Health and Safety Part 3: What Is Behavioural Safety and Why Do We Need It?

30th October 2017

As part of the 2017 Wilson James Health and Safety Tour which took place earlier this month, several Directors have taken over the Sector Expertise Blog programme to write a series of three Health and Safety articles over the next month. 

The first, by Chief Information Officer Sean Kelly, addresses commonly held misconceptions about Health and Safety.  The second, by Peter Jacobs, Managing Director Logistics Services, will provide some thoughts on the benefits we have realised from Health and Safety generally and look to what we can expect in the future.  The third, by Darren Ward and Chas Bray, our Business Performance Director and Head of Health and Safety respectively, will consider behavioural safety and why most of our accidents are now caused by unsafe acts rather than unsafe conditions.

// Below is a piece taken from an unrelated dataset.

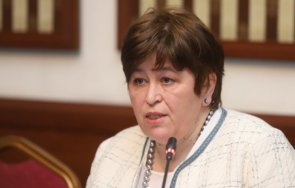 Служебният министър на туризма доц Стела Балтова планира да завещае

Behavioural Safety has become an important part of any safety culture which, unsurprisingly, focuses on people’s behaviour. Traditional safety focuses on systems, training, procedures and safety protocols, which in turn assist with achieving accreditation, legal/best practice compliance, and creating safe systems of work (SSOW). In our experience however, even though all of this has been put in place, accidents still happen. Companies that have done all of this have realised that at some point, the safety performance stops improving – it levels out. They have also realised you cannot aspire to zero harm without tackling behaviour as well.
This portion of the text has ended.